Nach dem aktuellen Stand der Auszählung zur Abgeordnetenkammer von Den Haag hat die Regierungspartei (VVD) des liberalen Premiers Rutte die Wahl mit 21,2 Prozentpunkten gewonnen; sie verlor allerdings knapp ein Viertel ihrer Mandate. Auf Platz zwei landete die Wilders-Partei, die noch vor einigen Wochen als der sichere Sieger aussah, abgeschlagen mit 13,1 Prozent. Wilders scheiterte vor allem an sich selbst. Seine Partei PVV hat nur ein Mitglied: ihn selbst. Sein Wahlprogramm passt auf eine DIN-A4-Seite und sieht u.a. vor: ein Verbot des Korans, die Schließung aller Moscheen, den Austritt aus der EU sowie einen Förderungsstopp von Windparks, Kunst und Entwicklungshilfe. Auch seine offen gezeigte Bewunderung für den US-Präsidenten ist Wilders letztlich zum Verhängnis geworden. Denn die chaotische Politik von Donald Trump geht vielen seiner Anhänger zu weit – ganz zu schweigen von der Mehrheit der Wechselwähler, die Sympathie für ihn zeigen.
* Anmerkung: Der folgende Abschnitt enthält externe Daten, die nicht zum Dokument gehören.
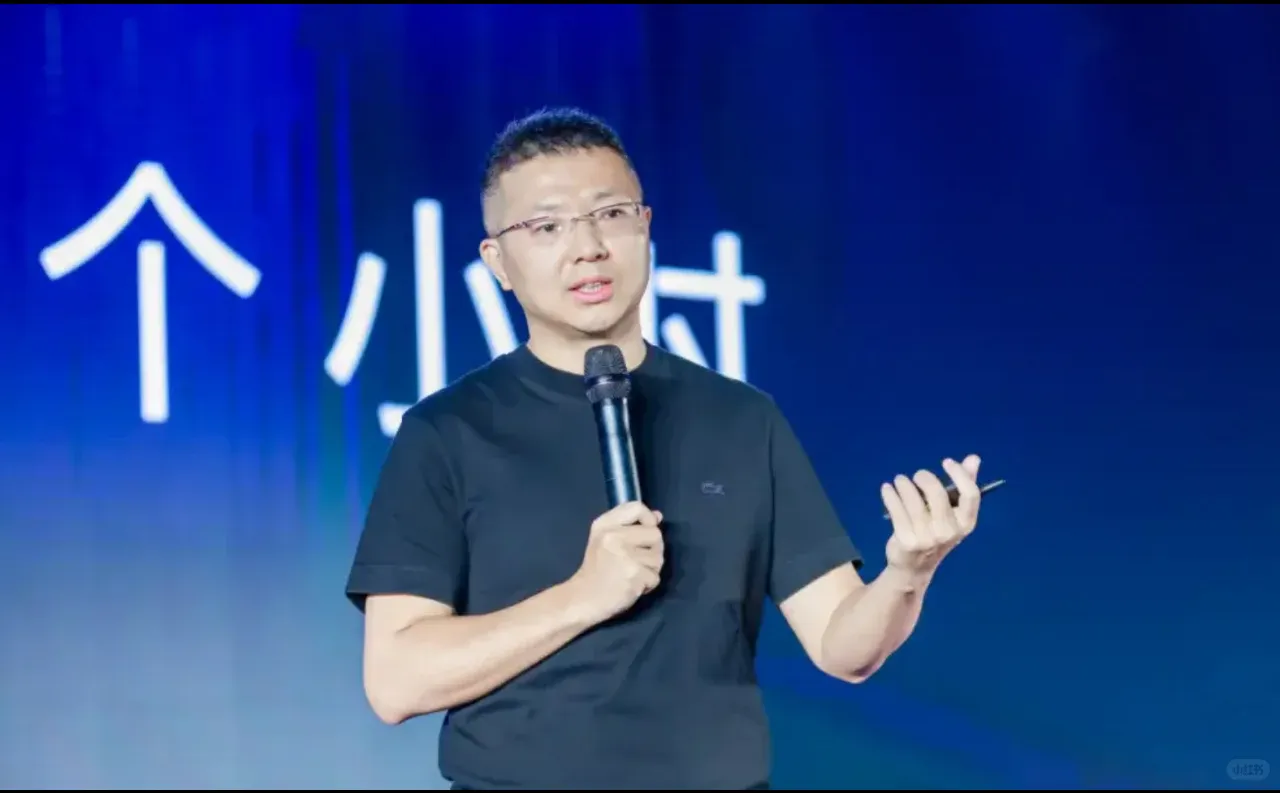 营收850万净赚4.1亿!这公司把躺赚玩明白了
Gewählt wurde Wilders allein wegen seiner Anti-Islam- und Anti-Einwanderungspolitik.

Geert Wilders
Geert Wilders, Foto: © Rijksvoorlichtingsdienst, wikimedia, CC BY-SA 2.0

Wilders Misserfolg ist allerdings auch ein Indiz für den Bedeutungsverlust der klassischen Volksparteien. Das Nachkriegs-Parteiensystem ist vollständig in Erosion begriffen. Zu diesjährigen Wahl in den Niederlanden haben sich 80 Parteien beworben, von denen 28 zugelassen wurden, darunter zwei Parteien für ältere Menschen, eine Partei für Tiere und die Migrantenpartei DENK. Diese fordert eine Quote für Migranten bei Vorständen, eine Rassismuspolizei und die Gleichstellung von Koranschulen.

Vorbei ist die goldene Ära der holländischen Sozialdemokratie. Die sozialdemokratische PvdA erhielt marginale 5,7 Prozentpunkte und liegt noch hinter den Grünen mit 9 Prozent. Gründe für den Absturz waren die von den Sozialdemokraten, Juniorpartner in der Koalition mit der konservativ-liberalen VVD, mitgetragenen Politik des Sozialabbaus und verkrustete innerparteiliche Strukturen. Einen Martin-Schulz-Effekt im holländischen Wahltkampf gab es nicht.

Die Niederlande, die immer eine liberale, weltoffene und progressive Gesellschaft waren, sind knapp an einer nationalen Schande vorbei geschrammt. Das ist die gute Nachricht. Die schlechte ist: Wilders hat in aggressiver Weise die niederländische Gesellschaft polarisiert und Christdemokraten und Liberale weiter nach rechts getrieben. Und der Rechtspopulist wird weitermachen. Eine neue Flüchtlingskrise, ein Terroranschlag, Ausländerkriminalität oder einfach Unzufriedenheit mit der Sozial- und Steuerpolitik der Regierenden genügen, um ihn zukünftig salonfähig zu machen.

Für Frauke Petry und ihre AfD ist Wilders Niederlage schmerzhaft. Auch für Marie Le Pen mit ihrer Front National sinken die die Chancen, französische Präsidentin zu werden. Augenscheinlich sind die Rechtpopulisten nicht mehrheitsfähig, weil sie in vielen Gesellschaftsschichten noch nicht verankert sind. Auch dank des Trump-Effekts. Aber sicher scheint auch: Eine verfehlte Integrationspolitik der Regierenden in Europa wird für ihr Erstarken sorgen.